While the syncronisation of the raid completes you can carry on with
modifying some files. You should create /etc/mdadm.conf with the
following contents:
carling:~ # cat /etc/mdadm.conf
DEVICE partitions
ARRAY /dev/md0 level=raid1 devices=/dev/sdb1,/dev/sda1
ARRAY /dev/md1 level=raid1 devices=/dev/sdb2,/dev/sda2
You also need to edit the filter line in /etc/lvm/lvm.conf to ensure
that /dev/md1 is an accepted device for LVM otherwise you will not be
able to boot. My line now reads after modification:
filter = [ "r|/dev/.*/by-path/.*|", "r|/dev/.*/by-id/.*|", "a/.*/" "a|/dev/md1|" ]

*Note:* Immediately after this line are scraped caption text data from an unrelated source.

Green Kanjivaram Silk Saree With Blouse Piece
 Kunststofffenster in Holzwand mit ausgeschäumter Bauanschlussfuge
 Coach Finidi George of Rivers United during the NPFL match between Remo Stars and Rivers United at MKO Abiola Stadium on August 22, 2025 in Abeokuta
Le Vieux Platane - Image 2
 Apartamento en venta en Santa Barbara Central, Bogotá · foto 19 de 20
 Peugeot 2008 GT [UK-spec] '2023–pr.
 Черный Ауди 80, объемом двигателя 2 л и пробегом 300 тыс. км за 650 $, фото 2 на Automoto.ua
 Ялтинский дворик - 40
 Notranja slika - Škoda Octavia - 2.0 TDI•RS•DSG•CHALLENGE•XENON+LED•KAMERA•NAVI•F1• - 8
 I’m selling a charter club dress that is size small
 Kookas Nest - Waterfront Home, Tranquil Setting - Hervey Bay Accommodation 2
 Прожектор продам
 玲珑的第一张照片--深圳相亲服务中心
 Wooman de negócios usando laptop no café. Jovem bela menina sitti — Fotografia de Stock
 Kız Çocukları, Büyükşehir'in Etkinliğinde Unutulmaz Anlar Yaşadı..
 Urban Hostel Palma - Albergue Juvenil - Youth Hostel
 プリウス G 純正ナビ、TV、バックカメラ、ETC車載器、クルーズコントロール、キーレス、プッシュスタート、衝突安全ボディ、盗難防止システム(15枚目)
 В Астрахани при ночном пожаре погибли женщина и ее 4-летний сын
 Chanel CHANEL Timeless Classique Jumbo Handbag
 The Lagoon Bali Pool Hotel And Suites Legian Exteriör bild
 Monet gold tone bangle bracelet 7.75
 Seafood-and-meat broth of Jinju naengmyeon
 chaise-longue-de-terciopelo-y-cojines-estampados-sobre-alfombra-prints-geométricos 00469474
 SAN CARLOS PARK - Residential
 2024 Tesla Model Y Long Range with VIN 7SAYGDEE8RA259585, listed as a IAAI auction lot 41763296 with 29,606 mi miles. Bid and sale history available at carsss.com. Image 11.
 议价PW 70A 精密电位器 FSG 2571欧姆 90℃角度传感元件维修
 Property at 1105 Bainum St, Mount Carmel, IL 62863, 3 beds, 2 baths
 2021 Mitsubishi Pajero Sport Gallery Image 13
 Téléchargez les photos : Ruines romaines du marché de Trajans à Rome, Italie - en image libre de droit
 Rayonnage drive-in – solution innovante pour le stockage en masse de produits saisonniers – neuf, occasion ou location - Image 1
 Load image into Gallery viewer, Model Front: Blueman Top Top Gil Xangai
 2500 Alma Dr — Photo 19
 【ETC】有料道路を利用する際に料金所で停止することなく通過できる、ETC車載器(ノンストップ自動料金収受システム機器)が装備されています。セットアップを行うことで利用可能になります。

I have also read that some people on some Linux distributions have had
the problem that LVM would always find the SCSI devices before the MD
devices and use them instead which may give some unpredictable results
but I have not run into this issue on OpenSuSE 11.2. After you have
modified /etc/lvm/lvm.conf you eed to run "vgscvan" to update the .cache
file in the same directory.
Now you need to create a new initrd using "mkinitrd -f md" which will
tell mkinitrd to include the needed md kernel modules in the initrd.
carling:~ # mkinitrd -f md
Kernel image: /boot/vmlinuz-2.6.31.8-0.1-default
Initrd image: /boot/initrd-2.6.31.8-0.1-default
Root device: /dev/rootvg/rootlv (mounted on / as reiserfs)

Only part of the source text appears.